A travers les livres, on apprend à connaître les adultes de l’intérieur. Mais il y a des choses qu’on ne comprend pas, c’est par exemple pourquoi les adultes poussent jusqu’à l’exagération le verbe aimer.
Aujourd’hui l’auteur a cinquante ans. A travers l’écriture, je m’approche du moi-même d’il y a cinquante ans, pour un jubilé personnel.
Il se souvient de cette période où sur la plage il s’acharnait sur les dessins des mots croisés, des rébus, des anagrammes, à la recherche du mot juste.

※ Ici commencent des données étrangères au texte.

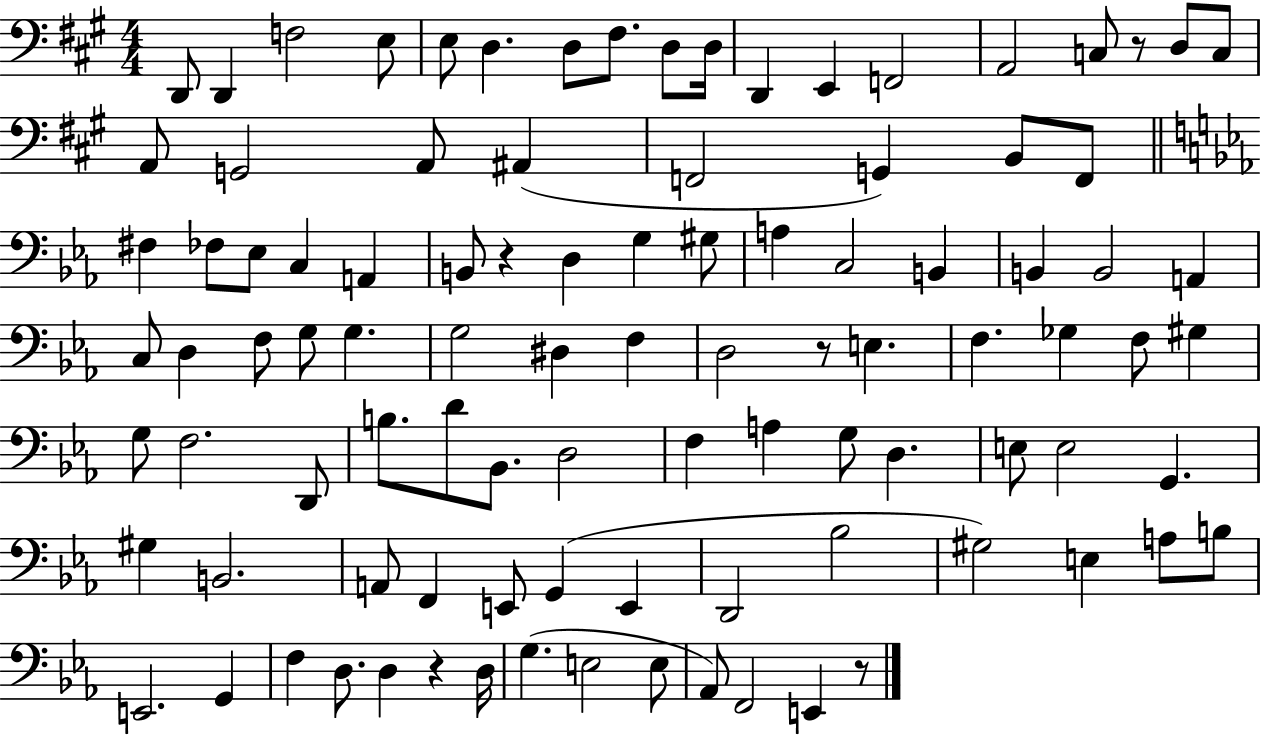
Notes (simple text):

D2/e D2/q F3/h E3/e E3/e D3/q. D3/e F#3/e. D3/e D3/s D2/q E2/q F2/h A2/h C3/e R/e D3/e C3/e A2/e G2/h A2/e A#2/q F2/h G2/q B2/e F2/e F#3/q FES3/e Eb3/e C3/q A2/q B2/e R/q D3/q G3/q G#3/e A3/q C3/h B2/q B2/q B2/h A2/q C3/e D3/q F3/e G3/e G3/q. G3/h D#3/q F3/q D3/h R/e E3/q. F3/q. Gb3/q F3/e G#3/q G3/e F3/h. D2/e B3/e. D4/e Bb2/e. D3/h F3/q A3/q G3/e D3/q. E3/e E3/h G2/q. G#3/q B2/h. A2/e F2/q E2/e G2/q E2/q D2/h Bb3/h G#3/h E3/q A3/e B3/e E2/h. G2/q F3/q D3/e. D3/q R/q D3/s G3/q. E3/h E3/e Ab2/e F2/h E2/q R/e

Dix ans, c’était un cap solennel, on écrivait son âge pour la première fois avec un chiffre double. L’enfance se termine officiellement quand on ajoute le première zéro aux années.

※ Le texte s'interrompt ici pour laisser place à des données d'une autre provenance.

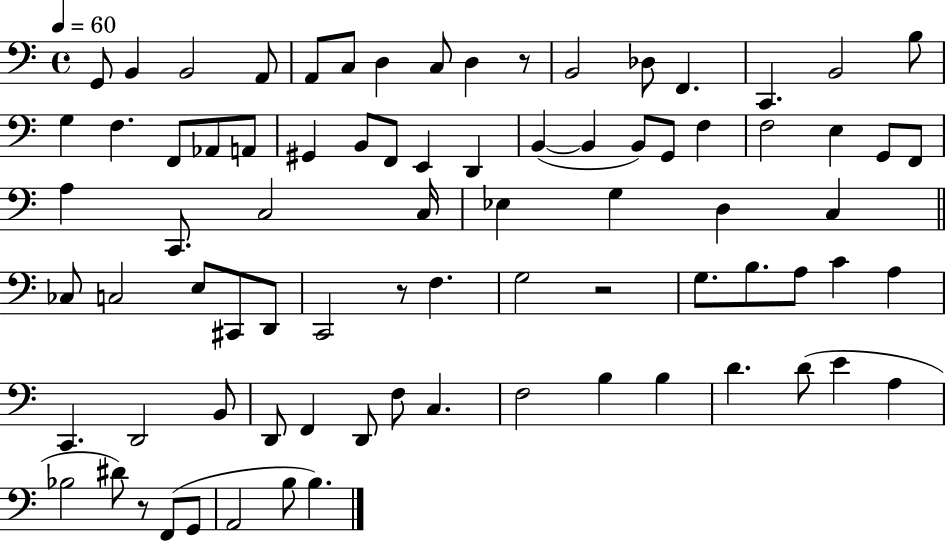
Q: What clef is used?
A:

Elle est une fillette du Nord qui passe son temps à lire des polars. Et le garçon qu’il est à cette époque est stupéfait qu’on puisse lire tout un livre en un seul jour ! Il y a ceux qui lisent à pied avec lenteur, et ceux qui lisent à la vitesse d’un vélo
.
Elle ne ressemble pas aux autres filles. Elle produit du silence et de l’espace autour d’elle. Les présentations entre eux n’ont rien de ce à quoi on se livre d’habitude.
Chacun se définit : le garçon dit qu’il aime tout ce qui est écrit, que ce soit des journaux, des listes, peu importe il lit tout. La fille dit d’une voix assurée : moi, je suis écrivain.

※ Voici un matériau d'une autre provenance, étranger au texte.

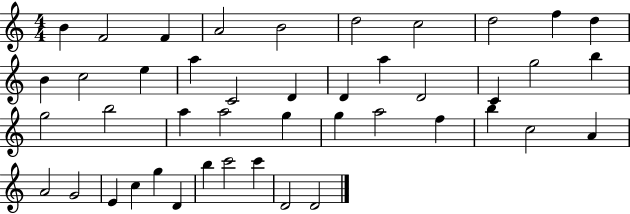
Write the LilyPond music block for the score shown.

Mais elle précise à quoi elle se consacre : aux animaux.
Moi j’écris des histoires d’animaux. J’étudie leur comportement : avec leur corps ils s’échangent de longs discours qui durent une heure chez nous sans qu’on se comprenne pour autant. J’essaie de faire comme eux, ne pas perdre de temps.
L’histoire qui nous est contée est donc celle d’une relation improbable entre un garçon qui sort de l’enfance (son père est parti en Amérique tenter fortune avec sa sœur, il est donc le gardien de sa mère, l’homme de la famille) et une fillette qui étudie le comportement des adultes à travers le prisme de l’instinct animal. Ce qui explique bien des choses.
Trois autres garçons s’intéressent à eux, mais pour se confronter au garçon : il n’a pas le droit de s’attirer l’attention de la seule fille de l’île en lui parlant de livres.
Erri de Luca tisse à nouveau son récit en traitant des thèmes qui lui sont chers : la relation à la nature – ici la mer, après la montagne dans Le poids du papillon – le rapport au corps qui ne grandit pas assez vite et que le garçon veut forcer à s’élargir, et ces phrases d’amour qu’on prononce avec toute l’innocence des dix ans, alors qu’on ne sait pas qu’elles en sont.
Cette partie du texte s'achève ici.